Another Mariel in the Making?
SAN JUAN – As the normalizing of diplomatic relations between the U.S. and Cuba draws nearer, the influx of Cuban immigrants seeking to reach U.S. soil or Latin American countries threatens to turn into a mass emigration similar to the 1980 Mariel boatlift. However, contrary to Mariel and to what has been the historical route for Cuban émigrés, the preferred course now is by land, according to media reports.
As of November 2015, some 3,000 Cuban immigrants on their way north have gathered at the Costa Rica-Nicaragua border waiting for the Nicaraguan government to allow them passage. Nicaragua, which had been acting as a receiving country for Cuban immigrants detained in Costa Rica, changed its policy earlier that month and now requires Cuban nationals to obtain a visa before reaching the border or any port of entry.
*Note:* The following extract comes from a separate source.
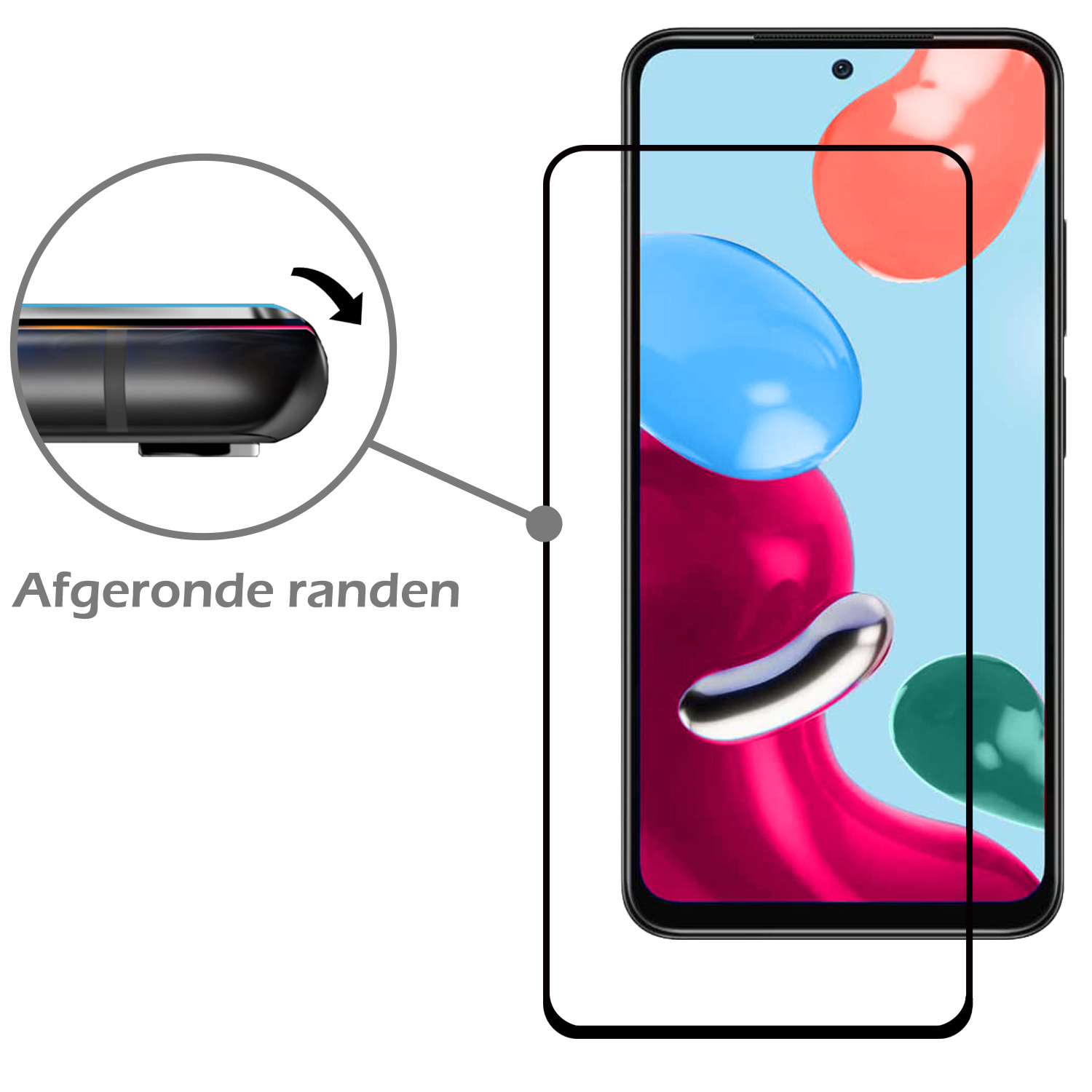 Nomfy Screenprotector Geschikt voor Xiaomi Redmi Note 11 Screenprotector Bescherm Glas - Screenprotector Geschikt voor Xiaomi Redmi Note 11 Screen Protector Tempered Glass Full Screen Full Cover - 2 PACK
Immigrants arriving at the borders without visas are being turned back to Costa Rica and/ or their entrance to the country blocked.
According to Costa Rica’s Immigration Administration, the number of Cubans arriving to the country has spiked from about 50 in 2011 to 12,166 from January 2015 to September 2015.
Immigration Administration officials have said Cuban immigrants arriving to Costa Rica come through Ecuador, where there has been no visa requirement to enter the country since 2008. That is, up until Dec. 1, 2015, when the Ecuadorian government started requiring visas only for Cuban nationals entering the country.
“Our commitment in San Salvador was that starting on Dec. 1, Ecuador will require visas from Cuban citizens, not because we have something against Cuba…. We do this to stop the human rights violations and the loss of lives,” said Deputy Foreign Minister Xavier Lasso, referring to negotiations at the Sistema de Integración de Centroamérica meeting on Nov. 24, 2015, in El Salvador.
Cubans who want to reach the U.S. fl y to Ecuador and then travel by land and sometimes by air, through Colombia and Central America until reaching the U.S.- Mexico border, according to media reports. Once in Ecuador, most of these immigrants, who have had the means to buy a plane ticket and maybe some additional money sent by family and relatives living in the U.S., fall prey to smugglers offering to transport them as far as their money could get them in their journey north. For the 3,000 Cuban immigrants now camped in the town of Peñas Blancas, near the border with Nicaragua, the journey seems to have ended in Costa Rica.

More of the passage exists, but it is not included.